Ok guys trying to start a build for my dads 300. I want him to be able to ride with me and go almost anywhere that my 1000xmr will go. So here's the real question what needs to be done to the bike. I'm trying to get a parts list together and figure out how much it will cost. Really to see if it's worth doing or just buying a new bike


----------



## rlfoulch (Apr 24, 2013)

First thing you need to decide is how much are you willing to spend one of the best upgrades for the 300 would be to install brute force differentials they can handle the punishment a lot better than the factory differentials plus you get IRS and they are geared lower(about 25%+-). although that mod can be very expensive unless you find a brute force that is broke down for parts at a good price.

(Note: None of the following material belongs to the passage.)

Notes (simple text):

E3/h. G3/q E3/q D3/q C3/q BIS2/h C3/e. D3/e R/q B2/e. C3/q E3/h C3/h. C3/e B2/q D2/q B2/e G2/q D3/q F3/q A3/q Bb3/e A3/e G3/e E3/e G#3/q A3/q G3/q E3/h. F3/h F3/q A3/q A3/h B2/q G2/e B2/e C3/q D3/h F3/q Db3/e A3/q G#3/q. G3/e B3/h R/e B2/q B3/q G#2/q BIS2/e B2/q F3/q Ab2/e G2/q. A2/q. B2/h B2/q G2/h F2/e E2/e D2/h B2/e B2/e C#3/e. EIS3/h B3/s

Port and polish the head find a cam from a 88 Honda FourTrax 300 or big red 250 they are pre emission and give you a little more lift . Port and polish the head jet the carb install a clutch kit and maybe even dear reduction.

a stock 300 will clear and turn 27 inch tires unless you get off in some nasty peanut butter.

if it weren't for the laws of physics we would all be unstoppable.

go deep or go home.


----------



## duckincrazy92 (May 24, 2011)

I'd say lift and gear reduction set of tires and an axle paddle. And of course snorkels


----------



## brutepower95 (Oct 22, 2012)

Do brute force doffs and lift tires snorkels the motor work for sure an maybe a clutch kit depending on tires


----------



## LBZ_Duramax (Jul 3, 2013)

54% reduction, center axle paddle, 350d rear diff swap and some 29.5's and he will go everywhere you will.


----------



## gotmuddy (Jul 15, 2011)

LBZ_Duramax said:


> 54% reduction, center axle paddle, 350d rear diff swap and some 29.5's and he will go *more places than* you will.


fixed


----------



## LBZ_Duramax (Jul 3, 2013)

gotmuddy said:


> fixed


That's right, you can't beat a center axle paddle in the ruts!


----------



## gotmuddy (Jul 15, 2011)

just a 300 on 30s will eat that canned ham.


----------